At the end of the second trip, Mary Shelley spent time in Paris and associated herself with the "Young Italy" movement, Italian exiles who were in favour of Italian independence and unification. One revolutionary in particular attracted her: Ferdinando Gatteschi. To assist him financially, Shelley decided to publish Rambles. However, Gatteschi became discontented with Shelley's assistance and tried to blackmail her. She was forced to obtain her personal letters from Gatteschi through the intervention of the French police.

Shelley differentiates her travel book from others by presenting her material from what she describes as "a political point of view". In so doing, she challenges the early nineteenth-century convention that it was improper for women to write about politics, following in the tradition of her mother, Mary Wollstonecraft, and Lady Morgan. Shelley's aim was to arouse sympathy in England for Italian revolutionaries, such as Gatteschi. She rails against the imperial rule of Austria and France over Italy and criticises the domination of the Catholic Church. She describes the Italians as having an untapped potential for greatness and a desire for freedom.

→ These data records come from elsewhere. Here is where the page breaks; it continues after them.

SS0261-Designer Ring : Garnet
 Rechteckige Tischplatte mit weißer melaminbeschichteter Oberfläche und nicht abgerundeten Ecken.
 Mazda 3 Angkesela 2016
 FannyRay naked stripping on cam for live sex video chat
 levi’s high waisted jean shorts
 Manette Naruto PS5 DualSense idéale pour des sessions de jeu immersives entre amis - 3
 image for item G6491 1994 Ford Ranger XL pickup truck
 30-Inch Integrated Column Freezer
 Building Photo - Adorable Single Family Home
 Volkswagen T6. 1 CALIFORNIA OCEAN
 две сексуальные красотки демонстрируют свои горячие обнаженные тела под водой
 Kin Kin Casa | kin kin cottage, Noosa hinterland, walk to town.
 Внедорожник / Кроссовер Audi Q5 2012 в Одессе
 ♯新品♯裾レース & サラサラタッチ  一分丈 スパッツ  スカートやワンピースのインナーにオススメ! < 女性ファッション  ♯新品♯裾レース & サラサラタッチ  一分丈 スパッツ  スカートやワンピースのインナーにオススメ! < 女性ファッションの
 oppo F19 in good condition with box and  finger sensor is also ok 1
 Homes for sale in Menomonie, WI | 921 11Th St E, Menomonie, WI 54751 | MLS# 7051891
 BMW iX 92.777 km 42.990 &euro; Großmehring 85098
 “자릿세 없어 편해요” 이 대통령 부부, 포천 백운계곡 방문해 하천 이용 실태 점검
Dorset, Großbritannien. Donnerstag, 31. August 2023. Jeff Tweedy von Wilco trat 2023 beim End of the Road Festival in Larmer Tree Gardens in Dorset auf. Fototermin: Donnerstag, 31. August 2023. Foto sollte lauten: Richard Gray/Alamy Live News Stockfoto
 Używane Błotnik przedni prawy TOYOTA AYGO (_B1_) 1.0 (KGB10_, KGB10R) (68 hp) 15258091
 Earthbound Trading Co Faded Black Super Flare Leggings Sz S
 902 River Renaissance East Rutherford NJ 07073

Though Shelley herself thought the work "poor", it found favour with reviewers who praised its independence of thought, wit, and feeling. Shelley's political commentary on Italy was specifically singled out for praise, particularly since it was written by a woman. For most of the nineteenth and twentieth centuries, Shelley was usually known only as the author of Frankenstein and the wife of Percy Bysshe Shelley. Rambles was not reprinted until the rise of feminist literary criticism in the 1970s provoked a wider interest in Shelley's entire corpus.